Tonic Solfa for Brass?

Discussion in 'The Rehearsal Room' started by Manx Music Girl, Apr 6, 2005.

  1. Manx Music Girl

    Manx Music Girl New Member


    I'm not a brass musician, but I am working on a large scale music databasing/archiving project on the Isle of Man. I recently found some rare MS bands parts from around 1900-1910, but they are all in tonic solfa - even the original scores.

    Can anyone tell me if it is usual to use solfa for brass music? I was kind of under the impression that it was mainly for singers.

    Any info would be greatly received.

  2. brasscrest

    brasscrest Active Member

    First I've ever heard of actual brass parts being written in solfa.

    We have some idiosyncracies in our notation (tubas in treble clef, things like that), but not anything like parts in solfa.

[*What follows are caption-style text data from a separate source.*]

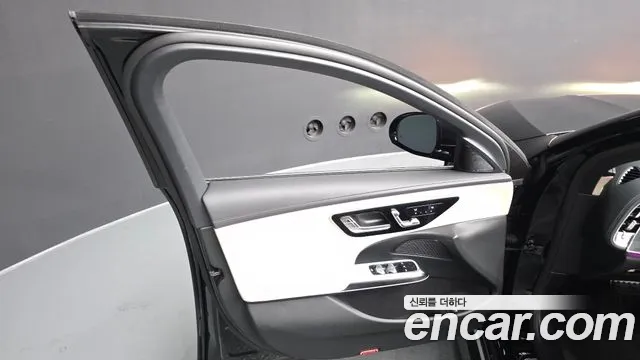 Mercedes-Benz E-Class — Фото автомобиля 19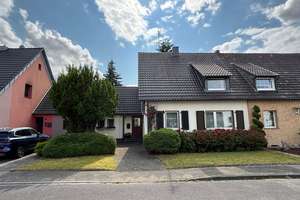 Charmantes Einfamilienhaus mit großem Garten in ruhiger Lage in Düsseldorf-Eller – Die vollständige Adresse der Immobilie erhältst du vom Anbieter., 40229 Eller, Düsseldorf – Vorschaubild 3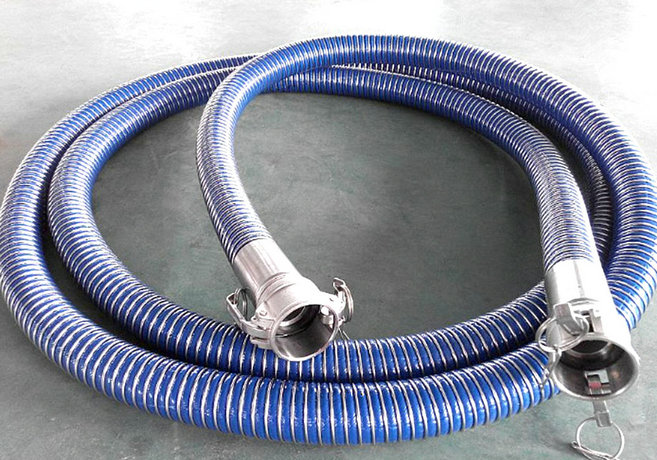 復合輸油管 Composite oil hose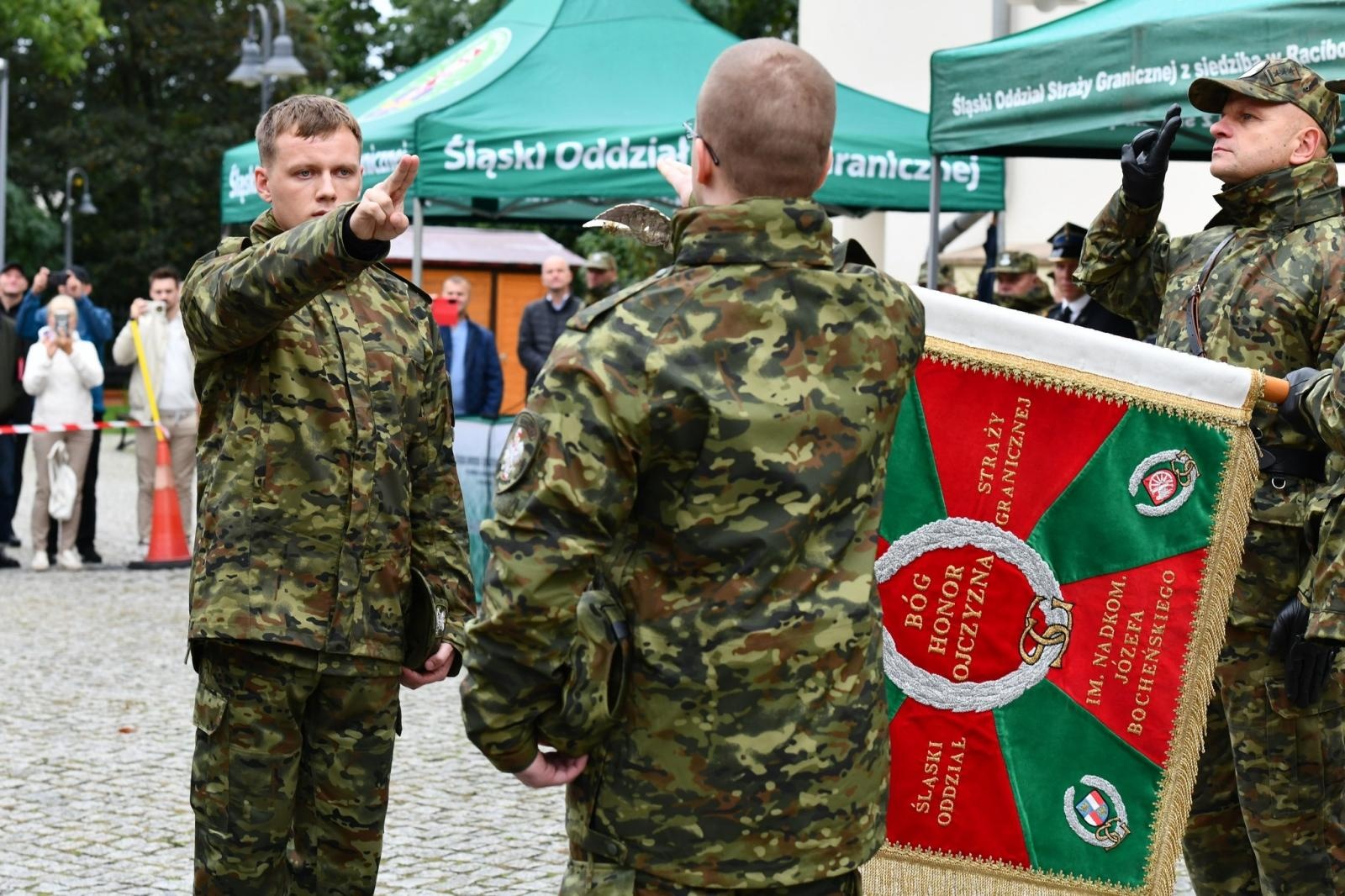 Zdjęcie w galerii na portalu naszraciborz.pl: Śląscy pogranicznicy ślubowali na Zamku Piastowskim wiadomości z regionu
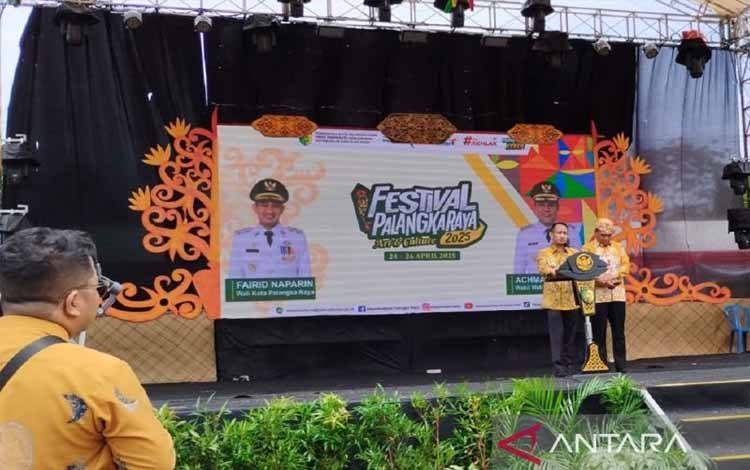 Pemko Palangka Raya Lestarikan Budaya Dayak Lewat Festival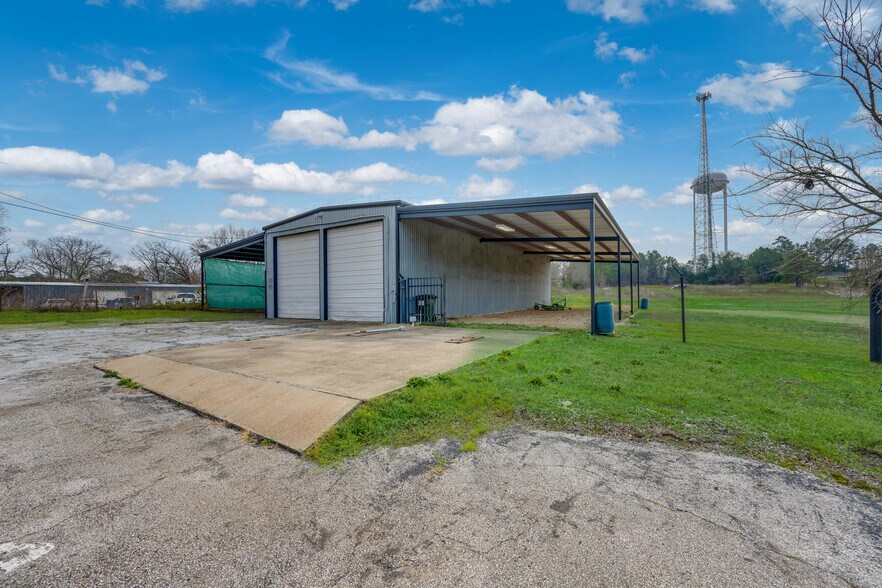 More Photos Of 10203-10263 County Road 135, Flint Service For Lease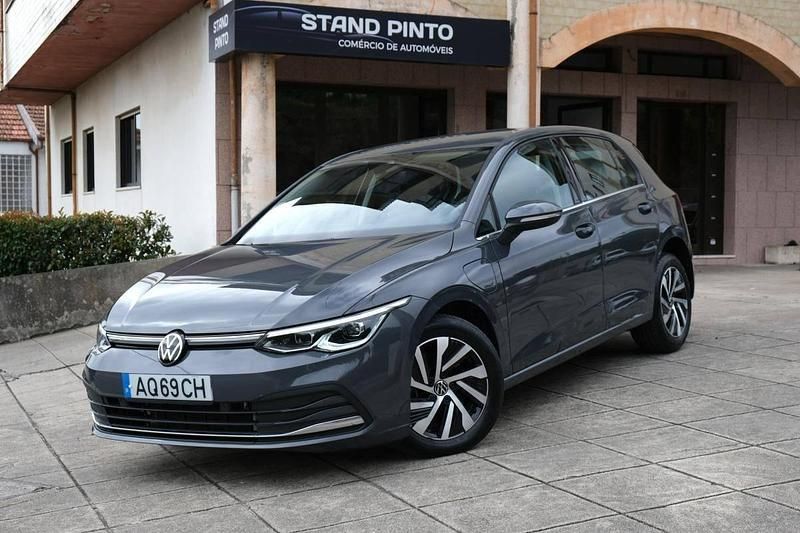 Cinza Usado 2022 VW Golf VIII | € 25.900 - Imagem 1/4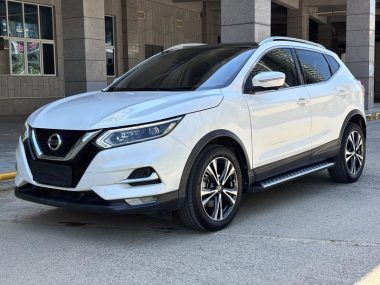 Nissan Qashqai 2022, фото 1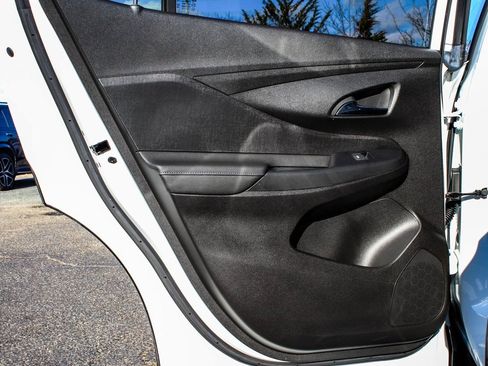 Used 2024 Buick Envista Sport Touring w/ Convenience I Package image 11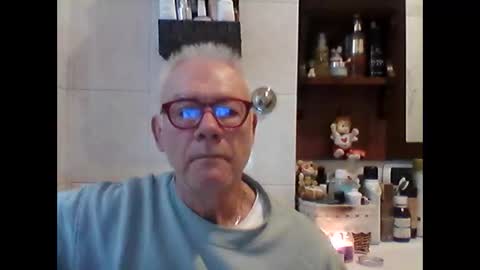 Snapshot of schizzodoro chatting on November 9, 2025, 6:01 am schizzodoro online show from November 9, 2025, 6:01 am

    A full score in solfa must be really hard for the conductor to follow!
  3. Cornishwomble

    Cornishwomble Active Member

    OK I'll be the one brave enough to say it,

    What the hell is Solfa? I've never heard of it, if someone can enlighten me then that would be great. (And I'm sure I'm not the only one ;) )
  4. brasscrest

    brasscrest Active Member

    Solfa (or solfege) is a system of writing music using the "do, re, mi" indications instead of the normal staff. It was extensively used in vocal music. For example, the SA vocal publication printed both standard notation and solfa in its Musical Salvationist series up until (if I remember correctly) around 1980.
  5. Will the Sec

    Will the Sec Active Member

    I've been going through Fulham's large library, and can say that a lot of sing a long numbers from pre war, and where lyircs are shown on the Solo Cornet Conductorthe tonic solfa notation is shown as well.

    I've not come across n arrangement only in tonic solfa - makes little sense to me.

    Can you post a word file with a scan of an example in?
  6. horn1

    horn1 Member

    Sounds interesting though! Would be good to have a look at!
  7. Manx Music Girl

    Manx Music Girl New Member

    The music we have is all manuscript and comes from one small village band on teh Isle of Man. It includes two exercise books of scores by the arranger and three incomplete sets of parts on little cards and scraps of paper. Solfa was quite prevalent here during the 19th c, and one individual version eveolved specific to the Isle of Man.

    The fact that Solfa is unusual implies that these musicians were not trained by other brass teachers, but probably involved a bit of self teaching, and so solfa was used. We know the arranger could read standard notation as we also have some other compositions by him. This has become quite an intriguing little band. 7 parts only, but were in demand enough to travel all over the Island to perform. We have one living witness to their performances, so I'll speak to her and find out if they were any help.

    Thanks for all you help guys. If you come across anything else you think may be of interest, please contact me.

    Thanks again!
  8. Cornishwomble

    Cornishwomble Active Member

    Thanks :tup

    Yet again my musical knowledge gets expanded on here!